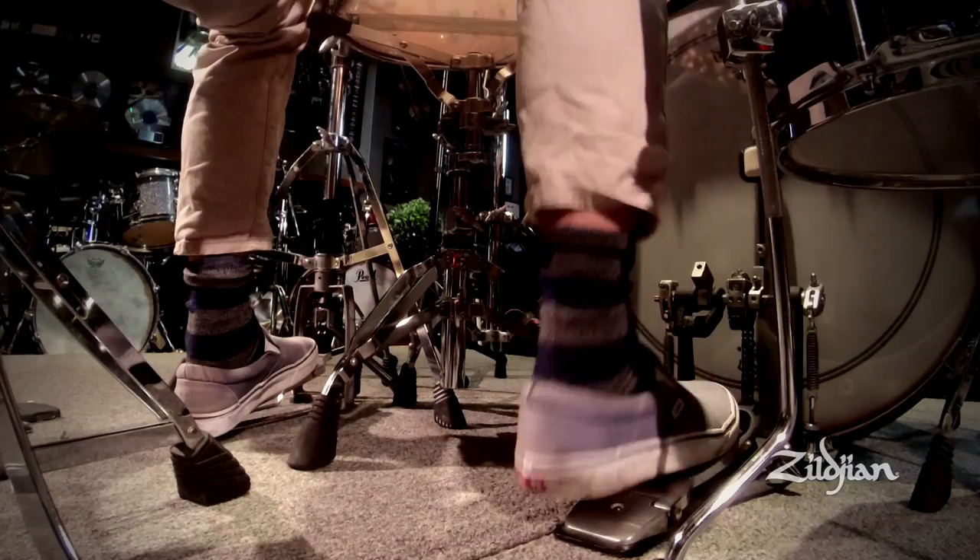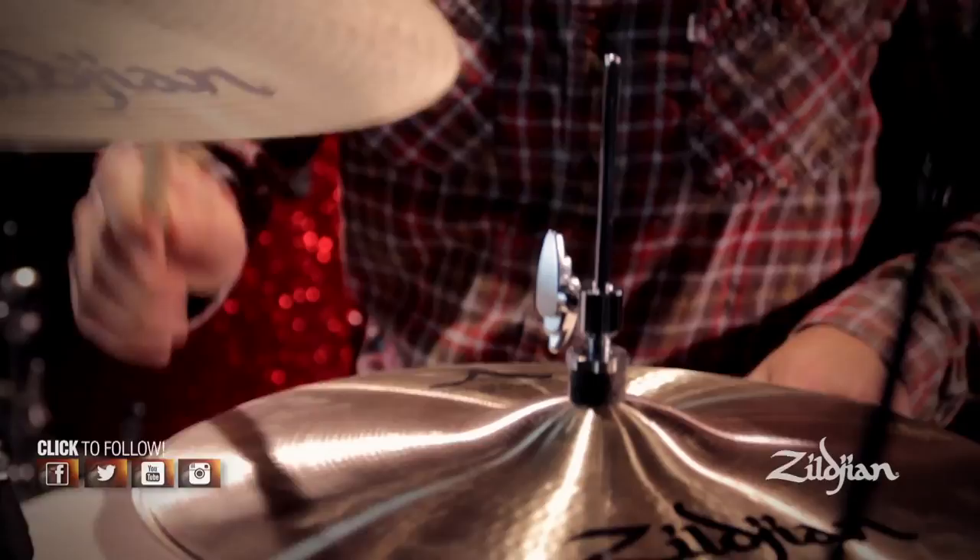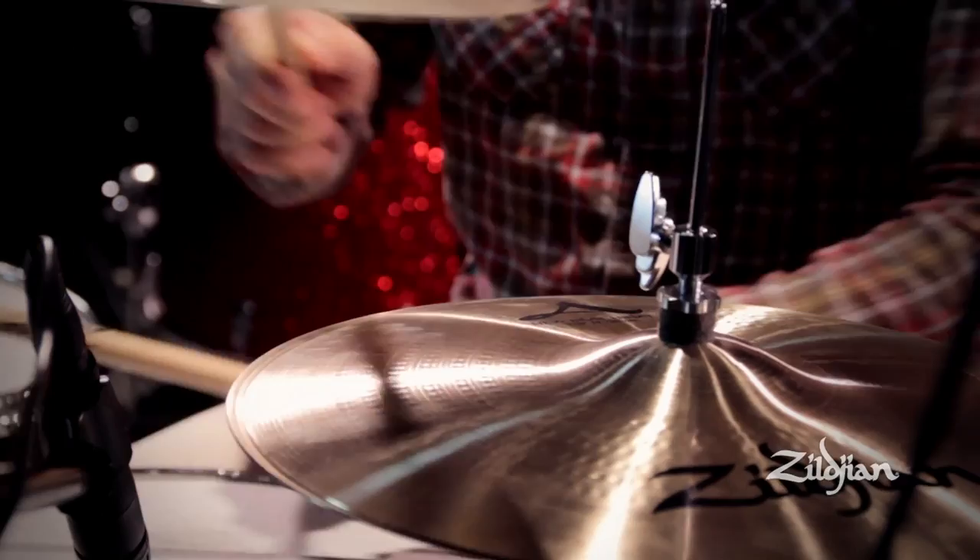I signed on to Zildjian — I think it's been like eight years — and for some reason when I have to blend in with the band and things have to work right and the tones have to mix in, it always seems like the Zildjians just do the trick instantly. When I really need that help and that sound, I get it out of these cymbals. Both the vintage stuff and the new stuff always rate as the best cymbals in my book.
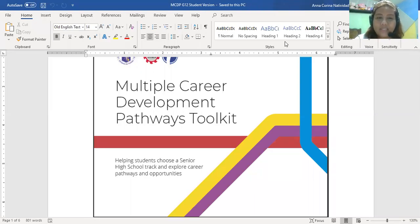Hello. As of now for your homeroom guidance, you have already answered three modules — those three modules are good for weeks one to five. This module is good for week six to seven. It is called the Multiple Career Development Pathways Toolkit, and it is going to help you choose your track.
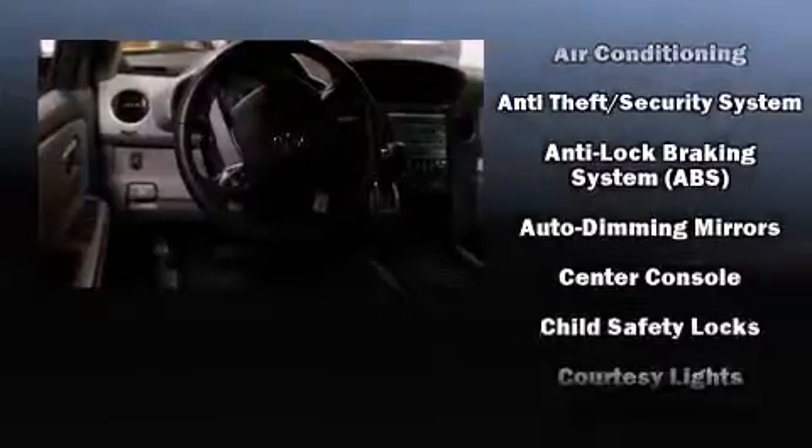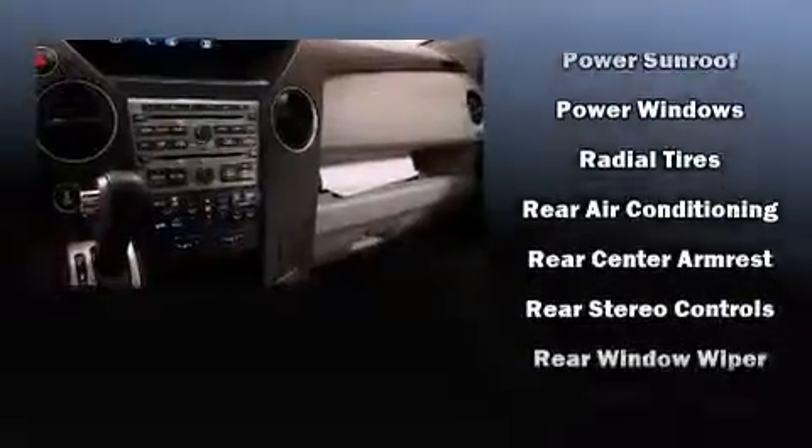You and your passengers will enjoy the stereo system, which includes a CD player with MP3 capability and 13 speakers, ensuring optimal sound no matter where you're seated. Rear LCD monitors provide entertainment that your passengers will appreciate, no matter how far the drive.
::::
Without including any image, reproduce the full listing above as written.

» **Answer space**
I signed on to Zildjian — I think it's been like eight years — and for some reason when I have to blend in with the band and things have to work right and the tones have to mix in, it always seems like the Zildjians just do the trick instantly. When I really need that help and that sound, I get it out of these cymbals. Both the vintage stuff and the new stuff always rate as the best cymbals in my book.
Hello. As of now for your homeroom guidance, you have already answered three modules — those three modules are good for weeks one to five. This module is good for week six to seven. It is called the Multiple Career Development Pathways Toolkit, and it is going to help you choose your track.
You and your passengers will enjoy the stereo system, which includes a CD player with MP3 capability and 13 speakers, ensuring optimal sound no matter where you're seated. Rear LCD monitors provide entertainment that your passengers will appreciate, no matter how far the drive.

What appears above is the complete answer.